Год консульства Цицерона ознаменовался явными проблемами, и среди них была группа трибунов, готовых использовать определённые популярские приёмы или заявить об определённых принципах, чтобы сбить с толку правительство. Правда, от аграрного законопроекта Рулла, с предложением которого, возможно, слишком поспешили, вскоре отказались его авторы. Но вскоре трибун Тит Лабиен восстановил закон Домиция, тем самым отменив практику кооптации членов жреческих коллегий, которой придерживались Сулла и олигархия11. Когда последовали выборы на должность верховного понтифика, избранником народа стал молодой патриций Цезарь, который честолюбиво соревновался с двумя первенствующими гражданами (principes civitatis) — Квинтом Лутацием Катулом и Публием Сервилием Ватией. Затем последовало новое утверждение прав римского народа и предупреждение сенату, чтобы он не поддался искушению злоупотребить чрезвычайным постановлением сената (Senatus consultum ultimum). Примерно за сорок лет до этого некий Гай Рабирий Постум убил римского гражданина Сатурнина. Лабиен, утоляя фамильную вражду, обвинил Рабирия в государственной измене (perduellio) по древнему обычаю. Нет необходимости подробно рассматривать это в целом несерьёзное дело12: достаточно того, что Лабиен и Цезарь, вероятно, действовали сообща13. В итоге многие исследователи легко признали Лабиена одним из трибунов Цезаря; известно, что это за народ.
Здесь стоит на минутку остановиться. Ранняя деятельность Цезаря часто толкуется катастрофически неверно: она рассматривается в свете его позднейшей карьеры как предвестие всего, что должно было неумолимо последовать — завоевание с.116 Галлии, соперничество с Помпеем, победа в гражданской войне и установление диктатуры14. Также расценивается и диктатура Цезаря — не сама по себе, не в контексте прошлого, но с учётом будущего, как предвестие Каракаллы, как всемирная монархия, основанная на божественном праве, уравнивающая сословия и нации15. Как убедительно доказывает Тарн, анализируя исторический фон Четвёртой Эклоги, необходимо забыть о будущем: в 40 г. до н. э. никто не знал ни об Августе, ни об «Энеиде»16. Давайте так же поступим и с Цезарем.
Значительная часть проблемы заключается в том, что среди античных и современных авторов преобладает биографический подход к истории; и длительный период, который в политической истории можно и нужно называть «эпохой Помпея», описывают как жизнь и деятельность Цезаря. Именно поэтому преувеличивается значимость Цезаря до его консульства. Недавно Штрасбургер изучил свидетельства о ранней карьере Цезаря17. Он доказывает, что о ней известно крайне мало; и что в свете последующих событий многие обычные эпизоды были неоправданно раздуты. Цезарь не стремился к диадеме с юности — его деятельность надо рассматривать в более традиционном римском и аристократическом духе18. Его честолюбие было честолюбием римского нобиля, он стремился к консульству, а обострялось положение тем, что он происходил из патрицианского рода, который лишь недавно вдруг вышел на свет после нескольких веков безвестности.

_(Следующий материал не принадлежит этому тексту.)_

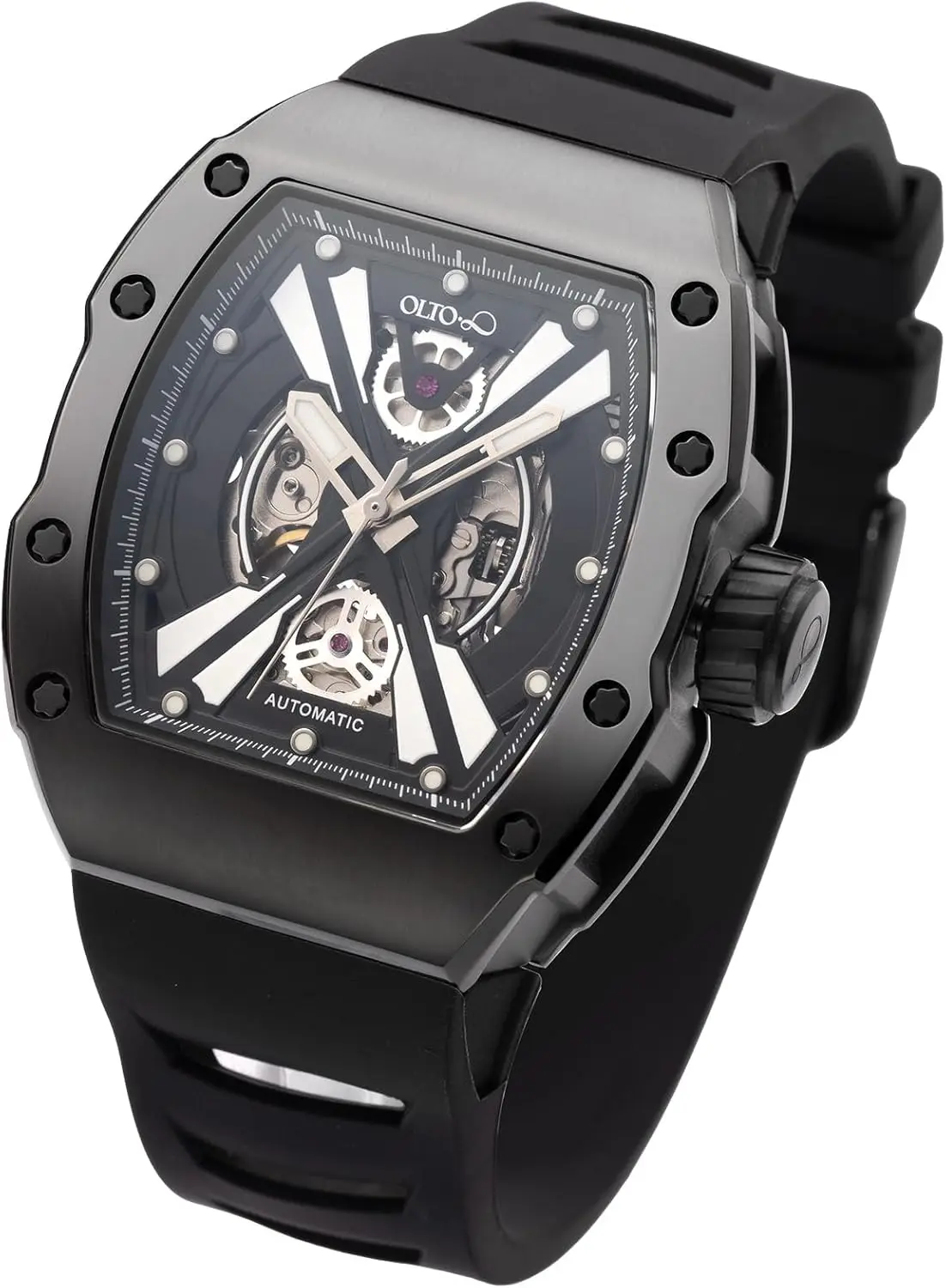

OLTO-8 Tonneau Automatic Mechanical Watch Luxury Skeleton Watches for Men Stainless Steel 5ATM Waterproof with Silicone Strap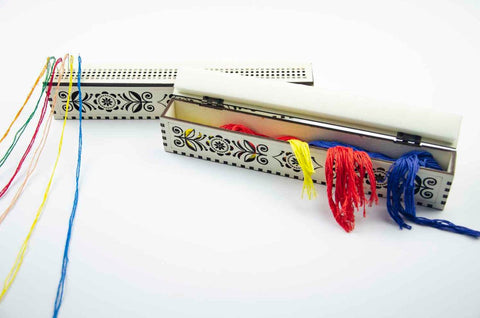 Embroidery Needle Organizer with Wooden Base, Ivory, 100 Holes, Sewing and Craft Needle Holder by Embroidery Craft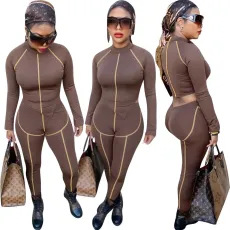 Fashion women's brown two-piece set, sexy tight pants, long sleeved two-piece set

В год, когда Цезарь был избран верховным понтификом, главным фактором римской политической жизни был отсутствовавший Помпей, который управлял провинциями и командовал войсками на Востоке. Политики в Риме соперничали за его благосклонность и действовали, — или притворялись, будто действуют, — в его интересах. Помпей был популяром, что бы это ни означало; и он использовал трибунов, чтобы получить власть вопреки желанию лидеров правящей олигархии. Важным указанием является позиция Цицерона. Он заявляет, что его кандидатуру на консульство поддерживает Помпей19; и утверждает, что закон Рулла отвратителен, так как направлен против интересов народного полководца. Помпею скоро предстояло вернуться. А тем временем он отправил домой своих легатов, чтобы они выставили в Риме кандидатуры на должности и содействовали его дальнейшим амбициям. Ему были нужны трибуны, преторы и, если получится, консулы20.
Среди самых выдающихся его сторонников были двое Метеллов — Целер и Непот, сводные братья его жены Муции21. Оба с.117 служили его легатами в войне с Митридатом22. Целер был избран претором на 63 г., Непот — трибуном на 62 г. и в этом же году были отложены консульские выборы, чтобы М. Пупий Пизон Кальпурниан, — тоже легат Помпея, — мог выставить свою кандидатуру23.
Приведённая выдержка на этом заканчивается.